Background:

*         A large database approximately 750G

*         derby.storage.pageCacheSize=64000

*         Inserts going into the database about 125/second

*         Other database updates and deletes are being performed at a lower 
rate.

A query is run by the customer that does not complete in a reasonable amount of 
time.   Unfortunately the customer's program retries this query up to 40 times 
compounding the problem.

The query retrieves a set of records for a period of time.  The query is 
constructed using the indexes of the table such that the rows should be in 
sorted order and an external sort not required.   Basically the query fires off 
periodically and requests the records for a specific hour of the day.   The 
next time it fires off and retrieves the next hour, etc.

The query has run successfully with other parameters repeatedly through out the 
week with no issues.  Only one set of query parameters caused the issue.   The 
same problem occurred exactly one week later again for the same time period of 
the day.

I was able to retrieve the database locally from the customer and I configured 
my server to time and time zone and ran the query with no issue.   So it does 
not appear to be an optimizer problem with it choosing the wrong path.

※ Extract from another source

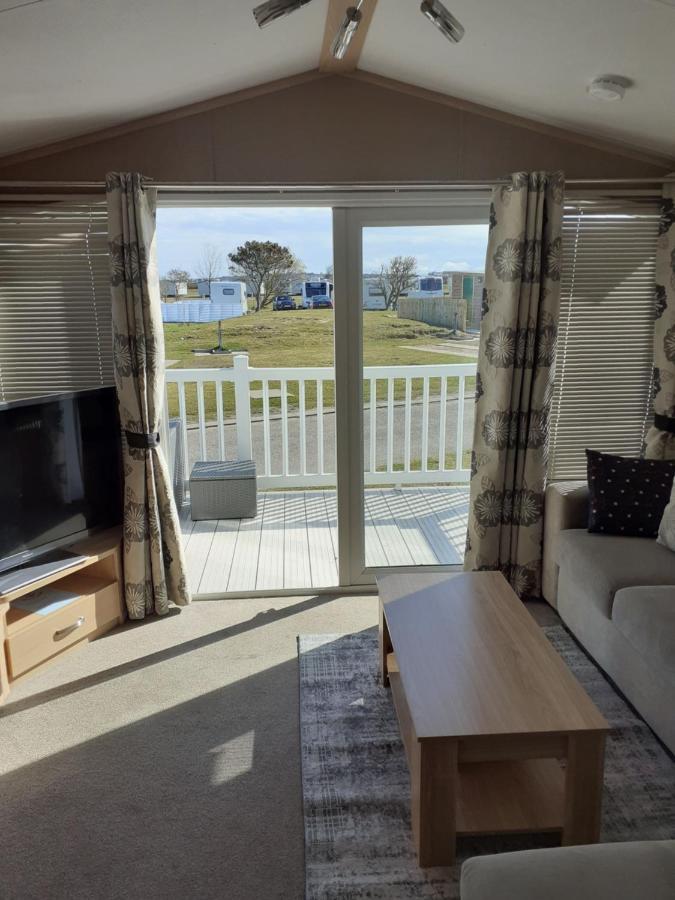 Rick'S Retreat Static Caravan Near The Beach With Free Wifi Лоссімут Екстер'єр фото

There is a script that is run at the customer's site to retrieve some data that 
I use for debugging these types of problems as access to the customer site is 
not possible due to security reasons.   One of the things that is captures is 
stack traces every 5 seconds for 1 minute.

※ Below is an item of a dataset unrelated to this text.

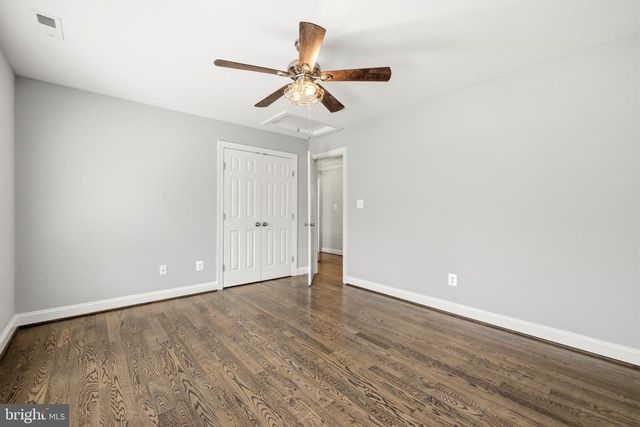 7135 LEEDS MANOR RD, Marshall, VA 20115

The stack traces show no deadlocks and also seem to show that the query path is 
not doing a large external sort or anything like that.   Many of the threads 
are blocked however and they seem to be blocked at a low level.    For example 
many threads look like this:

"DRDAConnThread_98" #123 prio=5 os_prio=64 tid=0x00000001027b3800 nid=0x94 
waiting for monitor entry [0xfffffffd37afe000]
   java.lang.Thread.State: BLOCKED (on object monitor)
                at 
org.apache.derby.impl.store.raw.data.FileContainer.pageValid(Unknown Source)
                - waiting to lock <0xfffffffd70d5d598> (a 
org.apache.derby.impl.store.raw.data.AllocationCache)
                at 
org.apache.derby.impl.store.raw.data.FileContainer.getUserPage(Unknown Source)
                at 
org.apache.derby.impl.store.raw.data.FileContainer.getPage(Unknown Source)
                at 
org.apache.derby.impl.store.raw.data.BaseContainerHandle.getPage(Unknown Source)
                at 
org.apache.derby.impl.store.access.conglomerate.OpenConglomerate.latchPage(Unknown
 Source)
                at 
org.apache.derby.impl.store.access.conglomerate.GenericConglomerateController.fetch(Unknown
 Source)
                at 
org.apache.derby.impl.sql.execute.IndexRowToBaseRowResultSet.getNextRowCore(Unknown
 Source)
                at 
org.apache.derby.impl.sql.execute.ProjectRestrictResultSet.getNextRowCore(Unknown
 Source)
                at 
org.apache.derby.impl.sql.execute.NestedLoopJoinResultSet.getNextRowCore(Unknown
 Source)
                at 
org.apache.derby.impl.sql.execute.NestedLoopJoinResultSet.getNextRowCore(Unknown
 Source)
                at 
org.apache.derby.impl.sql.execute.NestedLoopJoinResultSet.getNextRowCore(Unknown
 Source)
                at 
org.apache.derby.impl.sql.execute.ProjectRestrictResultSet.getNextRowCore(Unknown
 Source)
                at 
org.apache.derby.impl.sql.execute.SortResultSet.getRowFromResultSet(Unknown 
Source)
                at 
org.apache.derby.impl.sql.execute.SortResultSet.getNextRowFromRS(Unknown Source)
                at 
org.apache.derby.impl.sql.execute.SortResultSet.loadSorter(Unknown Source)
                at 
org.apache.derby.impl.sql.execute.SortResultSet.openCore(Unknown Source)
                at 
org.apache.derby.impl.sql.execute.BasicNoPutResultSetImpl.open(Unknown Source)
                at 
org.apache.derby.impl.sql.GenericPreparedStatement.executeStmt(Unknown Source)
                at 
org.apache.derby.impl.sql.GenericPreparedStatement.execute(Unknown Source)
                at 
org.apache.derby.impl.jdbc.EmbedStatement.executeStatement(Unknown Source)
                - locked <0xfffffffd95a59900> (a 
org.apache.derby.impl.jdbc.EmbedConnection40)
                at 
org.apache.derby.impl.jdbc.EmbedPreparedStatement.executeStatement(Unknown 
Source)
                at 
org.apache.derby.impl.jdbc.EmbedPreparedStatement.execute(Unknown Source)
                at 
org.apache.derby.iapi.jdbc.BrokeredPreparedStatement.execute(Unknown Source)
                at org.apache.derby.impl.drda.DRDAStatement.execute(Unknown 
Source)
                at 
org.apache.derby.impl.drda.DRDAConnThread.processCommands(Unknown Source)
                at org.apache.derby.impl.drda.DRDAConnThread.run(Unknown Source)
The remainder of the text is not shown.